Habla horas después del ataque sin precedentes que incluyó unos 30 misiles y causó pánico y destrucción en el centro de Israel y el Hospital Soroka
“Me encuentro en una de las ciudades que fue alcanzada por los misiles esta mañana” (…) “Estos no son cohetes como los del pasado. Son misiles balísticos de más de 14 metros de largo -la altura de 3 plantas de un edificio- y cargan entre una y media tonelada de explosivos”, así comenzó el relato del periodista Ariel Shmidberg, desde el centro de Israel, a solo horas del ataque.
Ariel explicó que solo tienen entre noventa segundos y un máximo de siete minutos para correr a un refugio, pero ahora, con misiles más grandes, este tiempo ya no es suficiente. “Vivimos con la certeza de que en cualquier momento puede sonar una sirena, y no sabes si tienes diez segundos o ninguno” (…) “Mi hijo menor tiene apenas un año.
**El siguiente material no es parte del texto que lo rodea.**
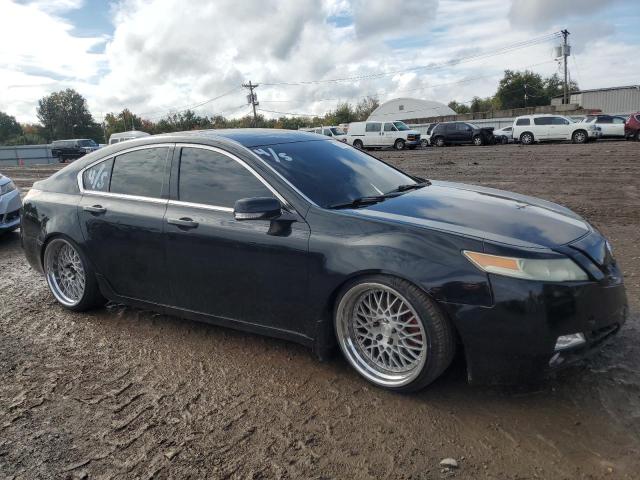 Photo 3 VIN: 19UUA96279A003045 - ACURA TL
Lo levanto en brazos cada vez que suenan las sirenas de noche. Ya ni se despierta… lo llevo dormido al refugio. Se vuelve normalidad, pero parte el alma”.
Aun así, destacó que “Israel hace un esfuerzo -sin precedentes- para evitar que civiles inocentes en Gaza sufran daños. El problema es que Hamas ha construido sus centros de mando entre la gente y utiliza a su propia población como escudo humano”.